過去のニュースを俯瞰してみれば、大人がツイッターでひどい発言をして炎上するケースも多数起きている。決して大学生だけの問題ではないだろう。

 さらに昔から今に至るまで、たとえば政治家が差別・中傷的な発言をして、それが大問題になるケースは後を絶たない。また、最近では新潟県の小学校教諭が福島県から避難してきた子どもを「菌」と呼んでいたこともあった。

 こういったモラルなき発言は、大人の世界でもたくさんある。それがツイッターに載ったか載らないかの違い、もっと言えば、それを誰かがネットやニュースで取り上げたかどうかの違いだけで、決して大学生に限った"傾向"ではない。

「学生の場合は、まだSNSやモラルについて教育するチャンスがあります。でも大人は自分で学ぶしかありません。さらに社会人となれば、一度の炎上で自身の職に影響が出るでしょう。ずっとダメージは大きくなります。だからこそ、大学生に限った問題ではなく、自分自身に警鐘を鳴らすきっかけとして捉えるのが良いのではないでしょうか」(山口氏)

●社会全体に共通するこの問題をどう捉えるか

 今回、大学生に調査した印象では、冒頭のような炎上事例はレアケースだと感じた。多くの大学生はそういった発言を「あまり見ない」と話しており、ツイッターの使い方についても、きちんとしたモラルを持っていたように思う。「デジタルネイティブ」と呼ばれる世代だけあり、むしろその点の意識は強い気がした。

 ひるがえって「モラル」だけに観点を当てれば、それは近年の大学生が特別ひどいわけでもなく、全世代において問題は存在している。大学生の集団強姦が盛んにニュースで取り上げられるが、実際には、いたるところで、いたる世代の人々が痴漢や強姦を起こしている。普遍的な課題だ。

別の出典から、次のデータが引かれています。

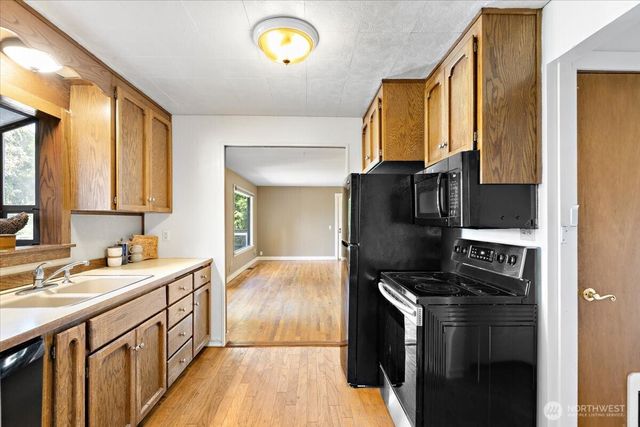 3817 Shelby, Lynnwood, WA 98087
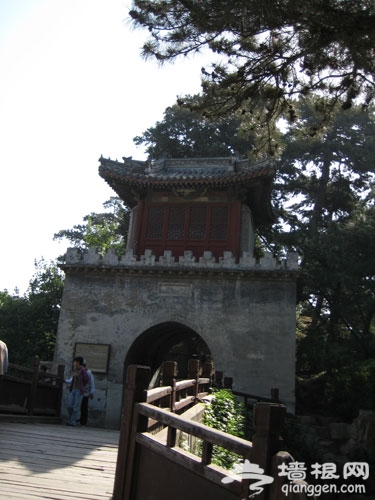 北京故事：探访颐和园六座城关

 大学生のツイッター炎上に関するニュースを見たとき、筆者は「最近の大学生はひどいな」と反応してしまった。しかし、その視点は「大学生」というわかりやすいカテゴリに問題を当てはめようとしただけで、決してそんな単純な話ではないだろう。

 ツイッターを含むSNSの使い方について、さらにはもっとシンプルな「モラル」という問題について、社会全体に共通する問題として考えたいと思う。(取材・文/有井太郎、編集協力/プレスラボ)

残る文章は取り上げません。